In the digital age, social media has made public shaming easier than ever before because there's an illusory lack of accountability when you hide behind an avatar on the screen. There seems to be a mentality of selective forgetfulness where many people conveniently sidestep the reality that SOMEONE - a living, breathing, feeling person - is on the other side of the venomous message.
The idea that we can dehumanize each other is a central component of digital technology. The creators of many social platforms, apps, dating sites and message forums claim "It's bringing people together!" Yes, but are those people being kind, considerate, compassionate and respectful to one another? Make no mistake, social media in a vacuum is not to blame. However, when we take billions of people and funnel them into a system where they don't have to take accountability for their actions, we have a very powerful microscope into the psyche of our populace. And often, that microscope reveals some pretty awful things about our collective behaviors.
"Who are you to judge the life I live? I am not perfect and don't have to be. Before you start pointing fingers, make sure your hands are clean." - Bob Marley
We think we're so civilized in many ways, because we have self-driving cars, ass implants and drone delivery. But, honestly, how different at the core is our fetish for public shaming fundamentally any different than the witch burnings, public lynchings, beheadings and ACTUAL public death and torment that, up until recently, has been a fixture of many human cultures? Now, you may be thinking, "That's ridiculous. In those examples, we killed people based on their religion, race, sexual orientation or political affiliations. You can't compare that to nasty comments on Facebook." Ah, but therein lies the issue - the core of both motivations IS the same.
Instead of physically killing someone and destroying their body - we now aim to kill their reputation and destroy their career. The motivation is the same: some person has royally fucked up, we judge them by their actions and choose to impose some massive, destructive impunity upon them, regardless of their culpability. Make no mistake, this is not a reference to actual crimes. What we are talking about is our culturally-encouraged pastime of tearing down the lives, reputations and careers of people because they've done something we don't approve of.
"There are three types of business. Your business, God's business and other people's business. Who's business are you in?" - Byron Katie
Why do people shame others? Because it's a rush. Making yourself right and others wrong provides an incredible rush of dopamine to the brain. The chemical of "approval" floods our neurology to acknowledge we've done something right. Much the same way as watching pornography or doing drugs. We are addicted to gossip, dispensing shame and judging other people because it feels really damn good on a chemical level.

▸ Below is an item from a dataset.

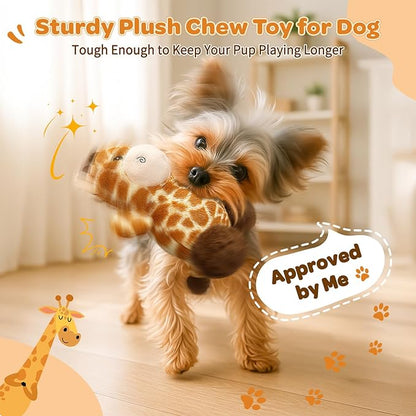 Dog Toy for Small & Medium Puppies – Squeaky Plush Giraffe with Crinkle, Cute Stuffed Puppy Toy for Boy & Girl Dogs, Birthday Gift to Keep Them Busy and Relieve Boredom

Because, at the core, we are still a tribal culture bashing around trying to be "civilized" animals living in a hierarchical system that we continue to perpetuate. In simpler terms, when you put someone else down, judge them or shame them, you feel that you are rising above them in the hierarchy of society. That your self-bestowed virtue and ethical perfection lends you some superiority and prestige in the system.

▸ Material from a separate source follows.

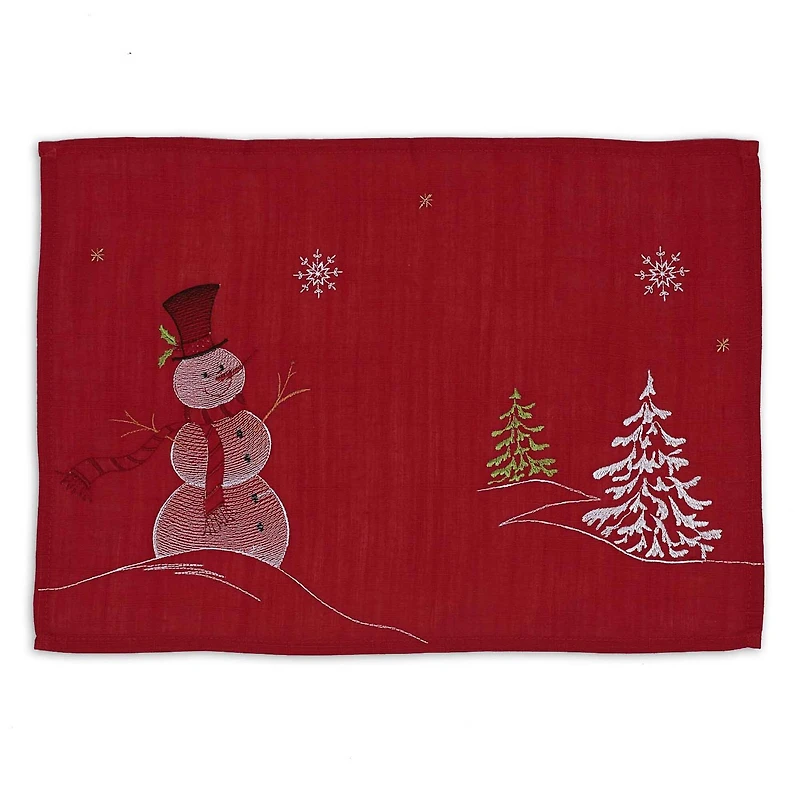 DII® Embroidered Snowman Placemats, 4ct.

"People who look down on other people don't end up being looked up to." - Robert Half
So, what's the solution to our addiction to public shame? Perhaps we can begin to cultivate a practice of minding our own business and focusing on what's happening in OUR life and stop obsessing over what other people are doing. Because you can't control other people or their actions, so the only sane choice is to focus on what you CAN control: how you respond or react to your circumstances and the meaning you assign to your life.
Obsessing, judging, creating an ethical bubble of illusory superiority... what good are these pursuits? Beyond providing you with a temporary chemical high, do they actually create virtue, respect, character or love? Does judging or shaming yourself or another person create a vibration of acceptance, understanding and equanimity?
Your comments, words, thoughts and deeds have an energetic imprint, just as they have consequences. This is a request that we all, collectively, start to practice more mindfulness in moments that we start to gossip, judge, harsh someone, or throw shame at them. It's a call that we start to break our addiction to superiority over others by breaking down their character. It's a plea to overcome the hypocrisy that has infected the lifeblood of our society and take real, authentic responsibility for our actions and how we're showing up in life.
Next time you feel the urge to shame yourself or another person, do your best to be mindful of your habit, to stop yourself, and ask, "Is this actually adding love into the world?" "Is this an expression of kindness and respect?" Truly take a moment to evaluate how you're showing up in life and how you're treating yourself and especially people you don't even know.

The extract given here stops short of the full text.